Nie będziesz paliła tego gówna, bo jesteś na to za dobra, znaczy dosłownie to samo w kontekście do niego. Może właśnie dlatego, nie powinnam wchodzić do jego mieszkania, aby to zrozumiał. Może dlatego nie można z kimś spędzać za dużo czasu. Może krzyczeliśmy sobie w twarz niewłaściwie rzeczy, bo byliśmy obok. Może dopiero teraz do nas dotarło.

– Nie pozwolę, abyś dała to komuś innemu, bo nie pozwolę, żebyś drugi raz paliła to gówno dla kogoś, ani żeby twoja stopa krwawiła, ani... – cóż, nikt nigdy nie chciałby abym mu to dała, więc faktycznie to są wszystkie rzeczy, które mogłyby się wydarzyć, ale pewnie w normalnych sytuacjach one się nie dzieją, więc może nie musiałabym robić tego drugi raz, co ja gadam, nie zrobiłabym tego drugi raz, bo nie zrobiłabym tego dla nikogo więcej.

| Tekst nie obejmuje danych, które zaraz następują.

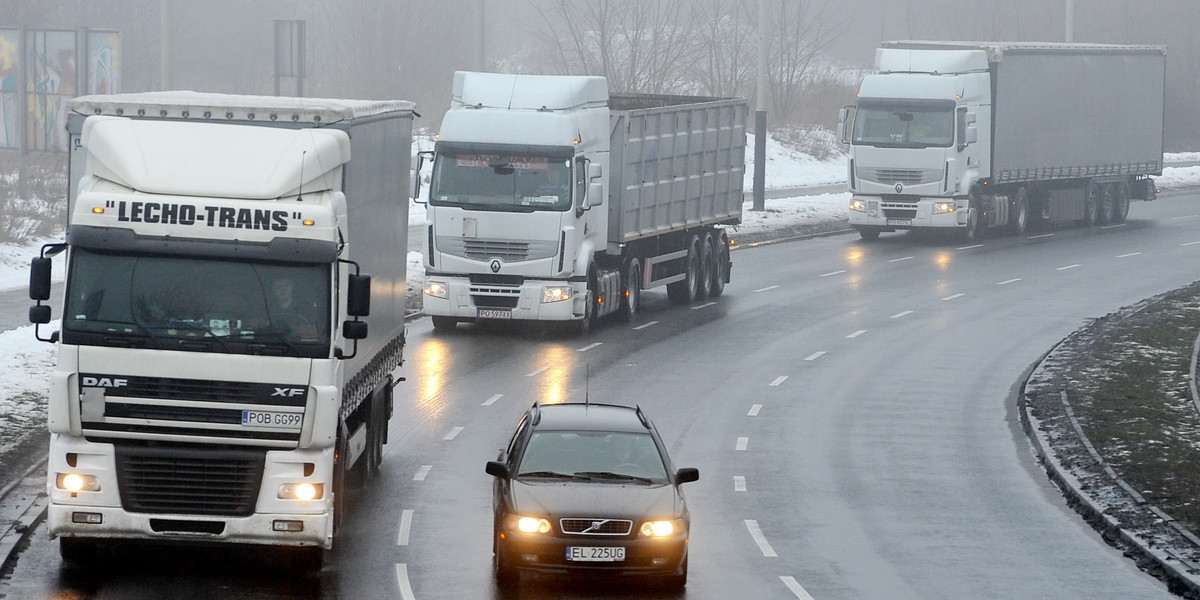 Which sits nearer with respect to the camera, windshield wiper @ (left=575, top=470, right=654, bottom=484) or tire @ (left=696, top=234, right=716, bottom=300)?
windshield wiper @ (left=575, top=470, right=654, bottom=484)

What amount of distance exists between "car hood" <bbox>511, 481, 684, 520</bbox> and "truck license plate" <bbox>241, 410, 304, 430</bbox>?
1821 mm

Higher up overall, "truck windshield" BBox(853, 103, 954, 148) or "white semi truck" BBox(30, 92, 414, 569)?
"truck windshield" BBox(853, 103, 954, 148)

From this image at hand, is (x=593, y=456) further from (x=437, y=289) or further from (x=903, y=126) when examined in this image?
(x=903, y=126)

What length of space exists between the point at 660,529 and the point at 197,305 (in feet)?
13.1

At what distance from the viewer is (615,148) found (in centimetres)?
2944

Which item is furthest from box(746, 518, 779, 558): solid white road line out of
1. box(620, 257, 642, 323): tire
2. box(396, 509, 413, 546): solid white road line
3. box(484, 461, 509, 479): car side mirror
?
box(620, 257, 642, 323): tire

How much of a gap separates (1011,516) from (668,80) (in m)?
48.5

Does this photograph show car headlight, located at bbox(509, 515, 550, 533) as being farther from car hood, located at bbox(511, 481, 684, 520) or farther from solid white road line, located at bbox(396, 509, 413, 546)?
solid white road line, located at bbox(396, 509, 413, 546)

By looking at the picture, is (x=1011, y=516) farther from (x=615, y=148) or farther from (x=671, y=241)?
(x=671, y=241)

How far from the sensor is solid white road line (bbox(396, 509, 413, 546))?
15.5 metres

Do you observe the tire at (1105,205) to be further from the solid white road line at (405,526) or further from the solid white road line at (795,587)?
the solid white road line at (795,587)

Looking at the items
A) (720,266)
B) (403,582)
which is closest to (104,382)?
(403,582)

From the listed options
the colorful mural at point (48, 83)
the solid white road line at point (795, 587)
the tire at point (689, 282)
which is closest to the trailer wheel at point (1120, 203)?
the tire at point (689, 282)

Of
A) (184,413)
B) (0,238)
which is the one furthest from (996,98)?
(184,413) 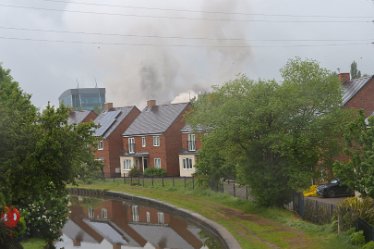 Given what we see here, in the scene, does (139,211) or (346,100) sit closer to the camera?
(139,211)

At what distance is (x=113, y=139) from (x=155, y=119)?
25.1 feet

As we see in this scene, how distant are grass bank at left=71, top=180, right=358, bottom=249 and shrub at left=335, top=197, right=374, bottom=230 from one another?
714 millimetres

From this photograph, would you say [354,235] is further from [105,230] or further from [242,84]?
[105,230]

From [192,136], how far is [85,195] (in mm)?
13960

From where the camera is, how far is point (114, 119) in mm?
74500

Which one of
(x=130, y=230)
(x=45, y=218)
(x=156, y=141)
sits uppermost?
(x=156, y=141)

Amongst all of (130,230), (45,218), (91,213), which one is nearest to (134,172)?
(91,213)

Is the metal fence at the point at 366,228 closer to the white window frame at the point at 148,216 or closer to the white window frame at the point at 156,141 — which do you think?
the white window frame at the point at 148,216

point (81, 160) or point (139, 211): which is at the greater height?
point (81, 160)

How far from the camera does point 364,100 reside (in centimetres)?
4766

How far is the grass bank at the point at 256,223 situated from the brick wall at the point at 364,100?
52.7 ft

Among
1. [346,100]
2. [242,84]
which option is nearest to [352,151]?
[242,84]

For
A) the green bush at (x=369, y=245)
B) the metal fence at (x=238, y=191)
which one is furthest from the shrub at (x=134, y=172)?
the green bush at (x=369, y=245)

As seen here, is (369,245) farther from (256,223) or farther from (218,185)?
(218,185) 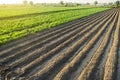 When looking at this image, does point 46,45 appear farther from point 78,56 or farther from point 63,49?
point 78,56

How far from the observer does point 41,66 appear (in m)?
11.7

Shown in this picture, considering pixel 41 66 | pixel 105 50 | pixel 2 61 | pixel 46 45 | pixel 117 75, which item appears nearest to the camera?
pixel 117 75

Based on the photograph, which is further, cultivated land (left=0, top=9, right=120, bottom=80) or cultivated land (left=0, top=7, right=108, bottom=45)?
cultivated land (left=0, top=7, right=108, bottom=45)

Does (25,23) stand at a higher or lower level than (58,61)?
higher

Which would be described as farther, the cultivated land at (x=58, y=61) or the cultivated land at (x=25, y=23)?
the cultivated land at (x=25, y=23)

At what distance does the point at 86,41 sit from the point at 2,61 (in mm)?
7693

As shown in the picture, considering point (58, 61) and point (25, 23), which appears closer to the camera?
point (58, 61)

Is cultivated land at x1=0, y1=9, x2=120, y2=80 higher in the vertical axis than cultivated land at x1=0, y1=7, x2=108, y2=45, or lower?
lower

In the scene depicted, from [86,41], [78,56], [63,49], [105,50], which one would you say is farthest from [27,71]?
[86,41]

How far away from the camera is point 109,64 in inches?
468

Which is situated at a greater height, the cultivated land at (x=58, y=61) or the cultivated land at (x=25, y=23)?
the cultivated land at (x=25, y=23)

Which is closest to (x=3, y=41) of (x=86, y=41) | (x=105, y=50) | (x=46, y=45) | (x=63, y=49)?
(x=46, y=45)

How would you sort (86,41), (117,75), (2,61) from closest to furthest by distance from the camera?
(117,75), (2,61), (86,41)

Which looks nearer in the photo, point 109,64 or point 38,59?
point 109,64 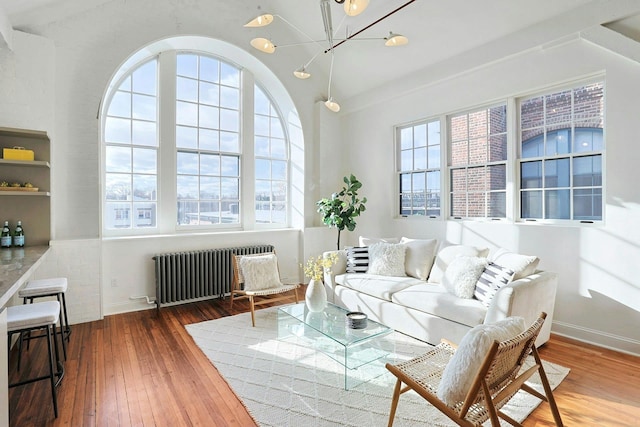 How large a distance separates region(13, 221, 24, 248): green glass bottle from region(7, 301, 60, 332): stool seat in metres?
1.55

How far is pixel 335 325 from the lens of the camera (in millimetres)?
2959

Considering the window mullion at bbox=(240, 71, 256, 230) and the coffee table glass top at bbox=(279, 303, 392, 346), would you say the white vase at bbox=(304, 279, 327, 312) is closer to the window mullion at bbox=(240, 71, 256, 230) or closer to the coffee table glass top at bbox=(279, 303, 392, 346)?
the coffee table glass top at bbox=(279, 303, 392, 346)

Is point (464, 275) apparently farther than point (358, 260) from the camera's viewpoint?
No

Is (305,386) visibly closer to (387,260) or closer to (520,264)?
(387,260)

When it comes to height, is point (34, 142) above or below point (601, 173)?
above

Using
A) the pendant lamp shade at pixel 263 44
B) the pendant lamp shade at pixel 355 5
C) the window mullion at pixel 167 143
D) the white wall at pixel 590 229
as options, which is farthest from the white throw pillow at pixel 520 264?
the window mullion at pixel 167 143

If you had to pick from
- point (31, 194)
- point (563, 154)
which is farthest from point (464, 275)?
point (31, 194)

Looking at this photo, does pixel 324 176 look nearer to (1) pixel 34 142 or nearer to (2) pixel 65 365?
(1) pixel 34 142

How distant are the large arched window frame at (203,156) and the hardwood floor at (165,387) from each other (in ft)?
6.00

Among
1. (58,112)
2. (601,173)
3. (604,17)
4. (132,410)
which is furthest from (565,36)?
(58,112)

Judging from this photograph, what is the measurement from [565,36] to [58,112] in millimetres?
5490

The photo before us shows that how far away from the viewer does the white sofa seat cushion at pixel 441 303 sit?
9.57 ft

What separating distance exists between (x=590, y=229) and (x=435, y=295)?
5.50 ft

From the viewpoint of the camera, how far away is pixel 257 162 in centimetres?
576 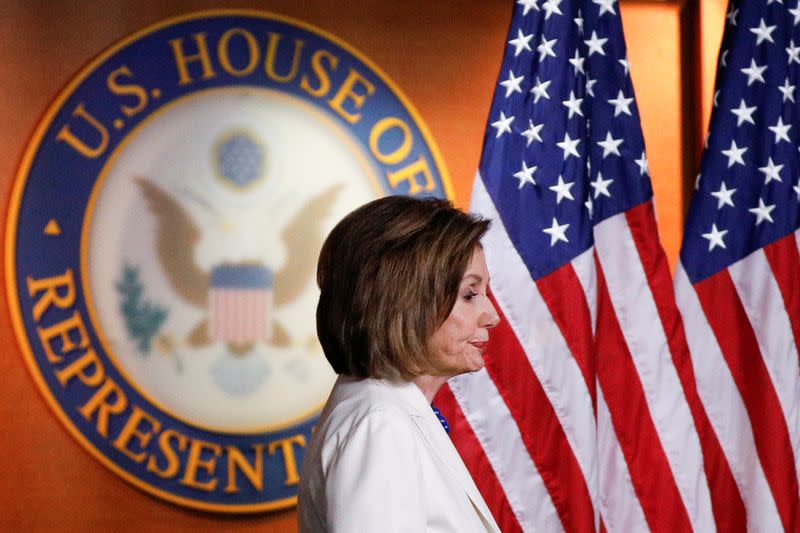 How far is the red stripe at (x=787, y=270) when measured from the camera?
8.13ft

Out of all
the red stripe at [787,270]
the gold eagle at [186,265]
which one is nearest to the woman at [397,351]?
the red stripe at [787,270]

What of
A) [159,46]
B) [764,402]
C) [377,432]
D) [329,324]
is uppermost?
[159,46]

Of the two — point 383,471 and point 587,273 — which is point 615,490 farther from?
point 383,471

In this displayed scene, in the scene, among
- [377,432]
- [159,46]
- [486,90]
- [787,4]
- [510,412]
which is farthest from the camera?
[486,90]

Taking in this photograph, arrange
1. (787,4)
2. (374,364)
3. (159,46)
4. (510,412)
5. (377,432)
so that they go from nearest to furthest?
(377,432) → (374,364) → (510,412) → (787,4) → (159,46)

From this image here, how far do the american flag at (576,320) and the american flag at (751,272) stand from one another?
70 mm

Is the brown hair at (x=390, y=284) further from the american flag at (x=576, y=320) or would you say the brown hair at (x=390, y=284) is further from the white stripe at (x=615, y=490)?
the white stripe at (x=615, y=490)

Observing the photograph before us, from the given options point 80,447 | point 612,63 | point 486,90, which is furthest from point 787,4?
point 80,447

Całuje mnie w czoło i wychodzi przez okno, przez które wszedł. Kibicuję mu, ale jestem też trochę sceptyczna, bo go poruszają rzeczy tak szybko i tak bezmyślenie, że wystarczy, że spotka teraz kogoś na drodze i jego pogląd na to, co się wydarzyło obróci się o sto osiemdziesiąt stopni.